WHAT TO PRODUCE: Leaving out pictures, output exactly the lines below from the one that has "Chibi-Mädchen Pappteller (Party)" through the one that has "fruits mangosteen on white background", and nothing else.

SUPPLIED MATERIAL:
* * * * * * *

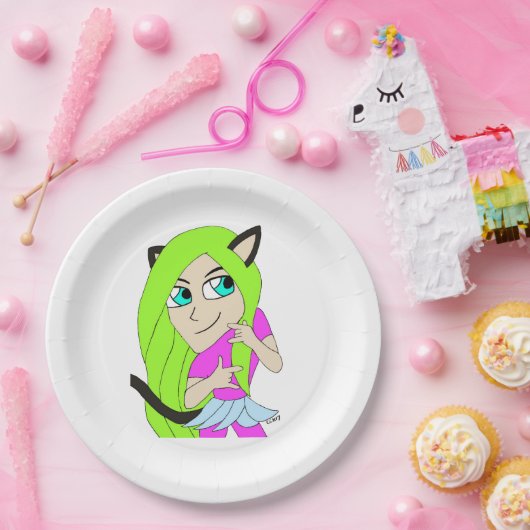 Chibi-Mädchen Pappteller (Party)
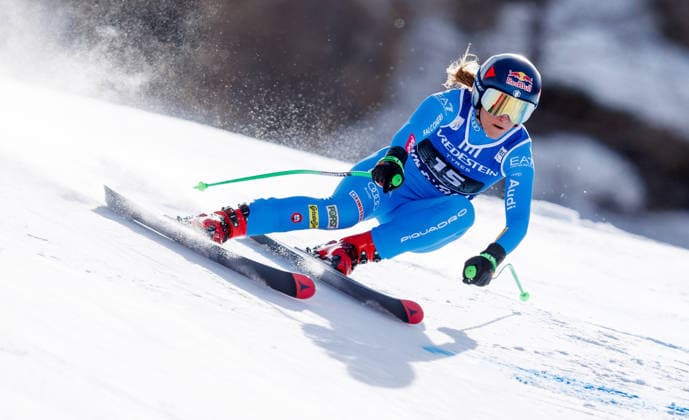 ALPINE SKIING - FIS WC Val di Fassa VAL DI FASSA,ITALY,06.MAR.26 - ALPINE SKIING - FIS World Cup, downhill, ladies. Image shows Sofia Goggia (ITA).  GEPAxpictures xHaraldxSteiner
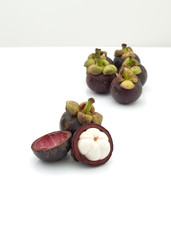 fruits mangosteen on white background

* * * * * * *

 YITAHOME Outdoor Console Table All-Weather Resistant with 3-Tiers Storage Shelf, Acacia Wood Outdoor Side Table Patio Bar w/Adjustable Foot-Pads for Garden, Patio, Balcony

* * * * * * *

TASK RESPONSE:
 Chibi-Mädchen Pappteller (Party)
 ALPINE SKIING - FIS WC Val di Fassa VAL DI FASSA,ITALY,06.MAR.26 - ALPINE SKIING - FIS World Cup, downhill, ladies. Image shows Sofia Goggia (ITA).  GEPAxpictures xHaraldxSteiner
 fruits mangosteen on white background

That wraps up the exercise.